Mülheim. Wenn der geschützte Sumpfvogel umgezogen ist, können die Renaturierungsarbeiten am Borbecker Mühlenbach auf Mülheimer Gebiet beginnen.
Die Emschergenossenschaft, die vor 115 Jahren gegründet wurde, wird mit ihrem Milliardenprojekt der Emscher-Renaturierung auch in Mülheim aktiv.
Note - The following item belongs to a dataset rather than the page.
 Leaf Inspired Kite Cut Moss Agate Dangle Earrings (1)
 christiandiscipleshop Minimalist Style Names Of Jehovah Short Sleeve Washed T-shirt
Denn der Borbecker Mühlenbach verläuft einige hundert Meter über Mülheimer Stadtgebiet.
Seit 2009 wurde das Gewässer, das zuvor offen in Betonschalen verlaufender Teil des Abwassersystems war, im Volksmund „Köttelbecke“ genannt, zu einem naturnahen Gewässer umgebaut. Entlang des Gruga-Radwegs, der auf der alten Güterbahntrasse von Heißen zur Gruga in Essen (und dann nach Essen-Steele) führt, kann man auf Essener Gebiet schon gut sehen, wie es später auch in Mülheim aussehen wird: Das Abwasser verläuft unsichtbar unter der Erde, oben fließt der renaturierte Bach. Auch Mülheim wird so einmal – im Bereich Heimaterde/Essen-Frohnhausen – ein Stück Natur zurückbekommen.
Wasserralle fühlt sich im Sumpf wohl
„Der Oberlauf des Mühlenbachs ist umgebaut bis zur A 40“, sagt Ilias Abawi, ein Sprecher der Emschergenossenschaft. Auf Mülheimer Gebiet wird unter anderem ein 9500 m3 großes unterirdisches Regenüberlaufbecken am Frohnhauser Weg auf einer ehemaligen Pferdewiese entstehen, dessen Bau ursprünglich schon im vergangenen Jahr beginnen sollte.
Umbau des Emschersystems kostet 4,5 Milliarden Euro
Die Emschergenossenschaft – auch Mülheim ist Mitglied – wurde im Dezember 1899 gegründet, um städteübergreifend das Abwasserproblem zu bewältigen. Die Emscher und ihre Nebenflüsse wurden zur Abwasserrinne.
Seit 1992 wird die Emscher renaturiert: Seit der Nordwanderung des Bergbaus sind unterirdische Abwasserkanäle möglich. Die Gewässer werden abwasserfrei. Der 4,5 Mrd. € teure Umbau der Emscher soll bis 2020 fertig sein. Der Emscher-Oberlauf samt Nebenflüssen ist in Dortmund seit 2010 auf 24 km renaturiert.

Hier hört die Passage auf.